What would make some parents do that is, I'm thinking, their own need for counseling. News flash for many people, however: Parents who try to do that, and parents who are fooled by their kids into believing that they're accomplishing their aims; are clueless with regard to how most children/young people (even old people) are; and that it is that there's a whole lot of politely listening in order not to fight and/or hurt someone's feelings. In other words, at least in American culture, what can appear to be what you've described is often just that - appearance.
As soon as the person who has little choice but to put up with the overbearing, misguided, sometimes even abusive, behavior of the parent(s) that young person will, as they as say, "be outta here".
Many young people in such situations will do what they think they have to do while they're biding their time and aiming to be free of the parents. Unfortunately, for some, they may end up going through motions longer than is healthy for them - and all because (as is the case with so many people who find themselves being "emotionally bullied" - the young person worries about not hurting the feelings of the clueless-but-misguided/overbearing parents who either believe they're doing the right thing for the son or daughter or else who are just too "emotionally muddied" in their own head that they don't realize how toxic and destructive they are.
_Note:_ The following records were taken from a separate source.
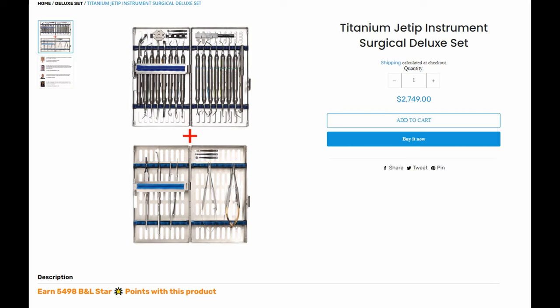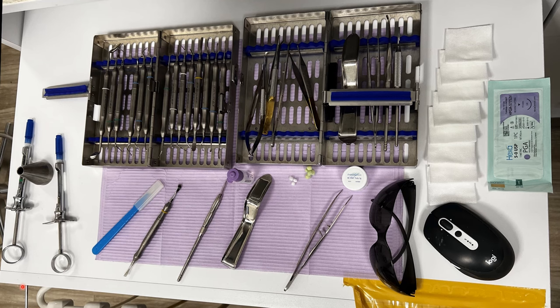This is the kit that I use — it's from B&L. I got the titanium one because it's lighter, so it's easier on your hand. It is pricey unfortunately, but it works fantastic. It has sutures, retro mirrors, and you can add in extra items as well. You do not have to keep to just this kit — you can customize it to be exactly what you want.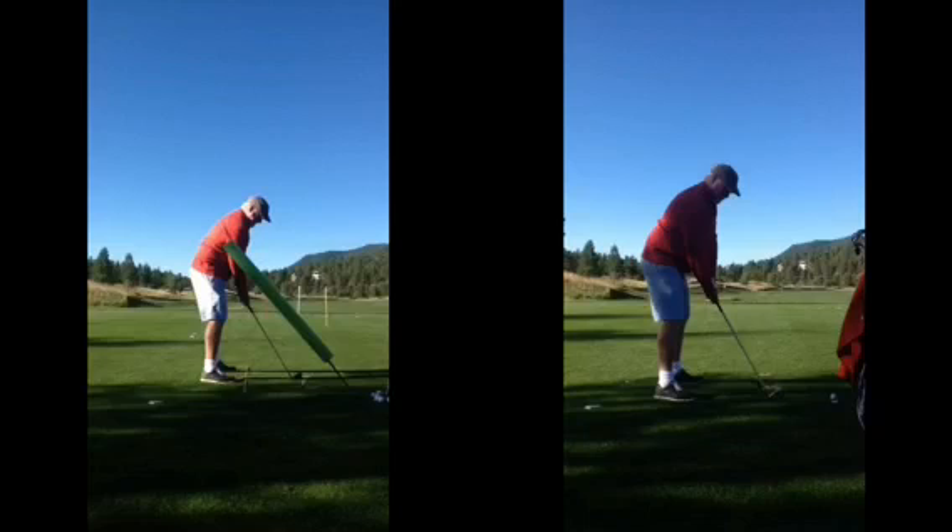On the right hand side, we're going to see before we actually made any changes here. Posture wise was really good with this particular student, but what we started to see is a change in the swing plane. What I mean by that is, if I go ahead and draw this line just from where the golf ball is going straight up.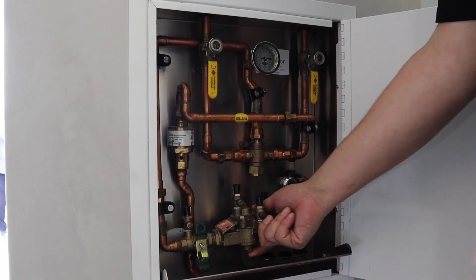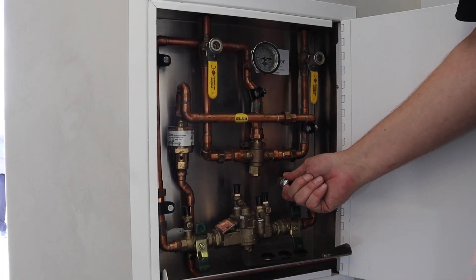So moving that RPZ valve from down the hall into that box, you're eliminating that Legionella concern — that dead leg of water concern. So this is one of the safest boxes on the market. Your infection prevention people are going to love this. You've got your RPZ valve now two inches from your connection supply point.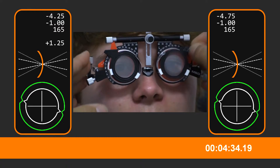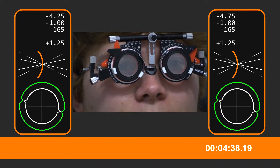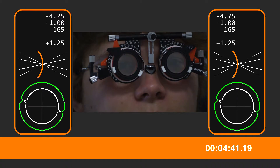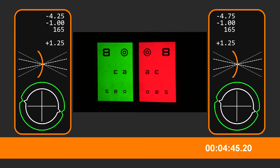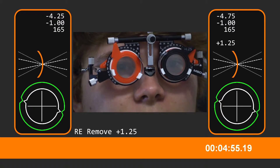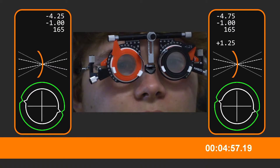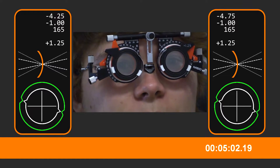Let's come back to the right eye now. Red and green — which is sharpest and clearest? I can't see the red at all. It's not bright. Can you see which is clearer? The green. And what about now? About the same.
In fairness, most parents mean well. They just think they know more about life and/or their children than they realistically can know about anyone who is not them. Being a parent can fuel narcissistic tendencies in the "wrong people" in ways that are far too numerous to list/explain here. By the time a so or daughter is, say, 20, that parent has had a whole lot of time to be fueling/feeding his own narcissistic tendencies toward the child, and with regard to his own "estimation of how wonderful he (the parent) is".
Not all parents have a very good grip on their own ego and/or perspective in general.